Scarlet macaws and their red feathers are strongly associated with the south, one of the four cardinal points that comprise the Puebloan cosmology, the experts noted, and macaw feathers have frequently been found on ritual artifacts such as staffs and garments.
“Flight, or just the appearance of certain birds or the use of their feathers, is believed to motivate the fall of rain or snow, as well as the seasons, the sunshine, and the heat,” Whiteley said.
With so much importance resting on the exotic birds, their acquisition and care was likely the job of a ritual class that was tasked with overseeing ceremonial duties at Chaco Canyon.
And indeed, previous research by the team has already suggested that Chaco became socially and religiously complex before it became so architecturally monumental.
In 2010, Watson and his colleagues studied a pair of human remains found interred in Pueblo Bonito’s Room 33, widely presumed to be members of an elite class, since they were buried amid a wealth of grave goods such as seashells, turquoise beads, and flutes.
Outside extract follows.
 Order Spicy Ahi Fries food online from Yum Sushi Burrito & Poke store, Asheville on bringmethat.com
Radiocarbon analysis showed that the pair dated to between 750 and 850 CE — again, centuries before Chaco’s heyday.
Taken together, the team says, these clues suggest that Chaco society developed a complex, hierarchical structure not only earlier than expected, but also more gradually.
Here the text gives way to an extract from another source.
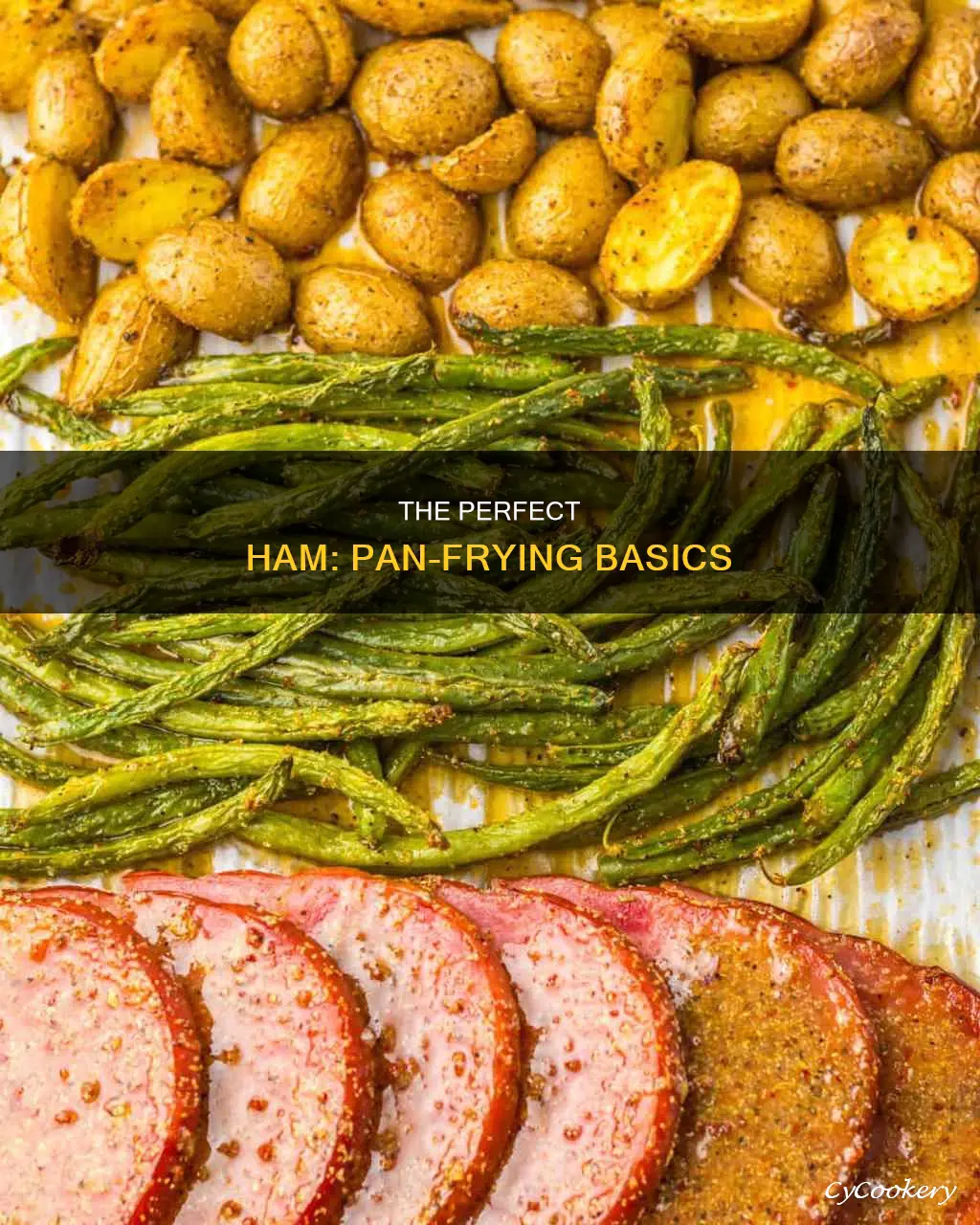 how to put a ham in the pan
If so, the majestic monuments that we associate with Chaco Canyon today were constructed hundreds of years after its people had already built economic ties with Mesoamerica, and a ritual class within its own boundaries. [See how an aerial drone discovered a Chacoan village: “‘Hidden Architecture’ of 1,000-Year-Old Village Discovered in New Mexico“]
“We propose that the hierarchical sociopolitical foundation of Chacoan society was established during the initial era of construction of the great houses, and that this foundation was reinforced during the late ninth and 10th centuries by the acquisition of scarlet macaws and other cosmologically powerful agents from Mesoamerica,” Plog said.
“Sociopolitical hierarchies evolved over the course of nearly two centuries before taking the more visible forms seen in the Chaco florescence.
“As in many parts of the world, this was a long-term process rather than a brief, abrupt transformation.”
The team reports its findings in the Proceedings of the National Academy of Sciences.